Fridrix Gorenshtein and the Creation of Russian Jewish Literary Discourse

Marat Grinberg, University of Chicago

It is always difficult to speak critically of one's contemporaries and yet it is truly a wondrous experience when a critic discovers something unique in a contemporary writer. Fridrix Gorenshtein, who died in May of this year, was indeed a writer in and of today, heavily involved in political and ideological processes of his time, whose main interests, however, lay in metaphysics, eternity and its connection to the Word. Despite translations into other European languages, Gorenshtein's works were never translated into English and thus he remained somewhat a non-entity in this country, even in its Slavic circles.
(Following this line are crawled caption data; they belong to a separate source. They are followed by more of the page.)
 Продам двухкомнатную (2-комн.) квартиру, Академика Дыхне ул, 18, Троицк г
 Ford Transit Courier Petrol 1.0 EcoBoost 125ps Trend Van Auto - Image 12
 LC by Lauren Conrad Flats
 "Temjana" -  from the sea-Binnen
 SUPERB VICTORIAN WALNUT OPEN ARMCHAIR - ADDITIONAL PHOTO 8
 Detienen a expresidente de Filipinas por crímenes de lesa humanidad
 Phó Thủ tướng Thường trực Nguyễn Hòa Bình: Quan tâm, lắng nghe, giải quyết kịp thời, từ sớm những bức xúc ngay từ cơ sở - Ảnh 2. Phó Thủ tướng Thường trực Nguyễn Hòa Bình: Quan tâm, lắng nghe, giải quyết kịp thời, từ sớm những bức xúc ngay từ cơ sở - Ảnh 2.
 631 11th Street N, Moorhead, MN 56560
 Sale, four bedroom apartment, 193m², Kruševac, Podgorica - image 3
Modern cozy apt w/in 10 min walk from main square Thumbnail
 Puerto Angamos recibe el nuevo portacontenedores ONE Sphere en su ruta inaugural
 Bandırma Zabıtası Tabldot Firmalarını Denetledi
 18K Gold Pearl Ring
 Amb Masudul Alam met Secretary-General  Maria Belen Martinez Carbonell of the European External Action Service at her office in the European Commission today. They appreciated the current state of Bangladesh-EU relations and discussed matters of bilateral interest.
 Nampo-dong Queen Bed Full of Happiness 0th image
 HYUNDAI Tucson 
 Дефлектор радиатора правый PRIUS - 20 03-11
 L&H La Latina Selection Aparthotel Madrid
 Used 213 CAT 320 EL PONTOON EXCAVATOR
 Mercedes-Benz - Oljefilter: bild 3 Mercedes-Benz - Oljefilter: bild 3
In my paper, I shall discuss and analyze on the example of his major novel, The Psalm, Gorenshtein's features as a Russian Jewish writer. It is my contention that considering the history of Russian Jewish literary tradition, or the absence of such, Gorenshhtein can be seen to have single handedly created a Russian Jewish discourse by using devices known in the annals of European Jewish literature, yet unique in its Russian manifestation. Among such devices are his appropriation and commentary on the Scriptures, both Jewish and Christian, his treatment of Jewish collective memory, and his usurpation of anti-Semitic ideology as well as Christian theology. This paper will raise a broader issue of the possibility of creating a Jewish secular literary discourse in a non-Jewish language. While Gorenshtein's example seems to positively resolve the issue, the analysis of other writers from different periods, such as Brodskij and Mandel'shtam, challenges it. Ultimately, the essay will hopefully lay a ground for analyzing not so much historically, as philosophically, theologically and aesthetically, the presence of such discourse within the Russian literary tradition and what its existence might signify for the development of Jewish civilization in its secular and religious manifestations.